Motorhead racked up 22 studio albums in their four-decade run as rock’n’roll’s truest champions, eschewing flavour-of-the-month scenes running from NWOBHM to punk rock and plain old heavy metal to live by the maxim: ‘We are Motorhead, we play rock’n’roll’.
However, like many of their 70s peers it was the band’s live output that more readily represented who they truly were. Steadfast road warriors through and through, Motorhead played songs that reached their apotheosis when jammed into a room of sweaty punters prepared to sacrifice their hearing in exchange for an opportunity to glimpse the true face of rock’n’roll, in all its verrucose glory.
Motorhead toured right up until the very end – Lemmy often quipped he hoped to “die on stage like [comedian] Tommy Cooper” – and their live releases often offer a truer insight into who the band were at a given point in their career.
Changes in personnel, style and approach are all captured in the 14 releases (to date) that make up the band’s live album catalogue, not to mention some of the more unscrupulous background circumstances that surrounded certain releases, put out by the band’s ex-manager to capitalise on the success of No Sleep ’Til Hammersmith).
In spite of this, each live release offers a truer-to-life representation of the band than their studio output ever could.
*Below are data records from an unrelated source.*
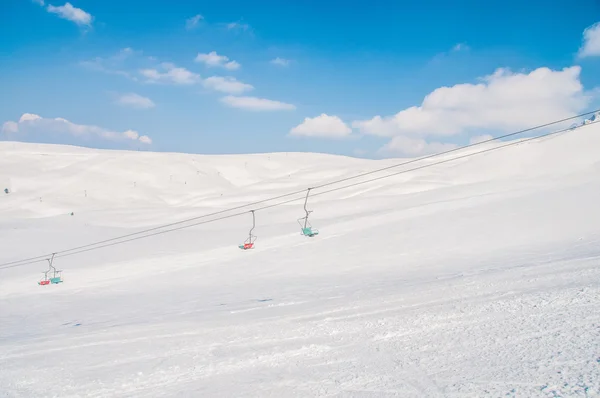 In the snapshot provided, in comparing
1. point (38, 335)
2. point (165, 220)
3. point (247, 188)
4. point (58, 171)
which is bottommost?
point (38, 335)

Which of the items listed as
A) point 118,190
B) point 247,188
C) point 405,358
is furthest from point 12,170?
point 405,358

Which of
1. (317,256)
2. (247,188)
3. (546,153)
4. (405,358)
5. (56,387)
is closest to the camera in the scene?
(405,358)

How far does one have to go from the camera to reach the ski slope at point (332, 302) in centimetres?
534

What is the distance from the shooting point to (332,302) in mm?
10430

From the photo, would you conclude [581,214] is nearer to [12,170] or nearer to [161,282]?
[161,282]

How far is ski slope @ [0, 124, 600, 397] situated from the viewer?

There is, after all, a reason live versions of No Class and Bomber find their way on to ‘greatest hits’ releases, and why No Sleep ’Til Hammersmith took pride of place as the only Motorhead record to top the UK charts.
Reliable as clockwork – Christmas still doesn’t feel right without their annual November jaunt – and subtle as a nuclear bomb, Motorhead live were a rampaging beast, uninterested in adhering to anything so mundane as decibel limits, and unimpressed by the frippery their contemporaries adorned themselves with on the road to becoming ‘rock stars’.
Twelve-minute solos and warbling vocal demonstrations could never compete with the sheer bluster that Iron Fist, Over The Top or Orgasmatron could bring to bear. Motorhead cemented themselves as rock icons by letting the music do the talking. As the band themselves put it almost every single show after 1979: “The only way to feel the noise is when it’s good and loud.”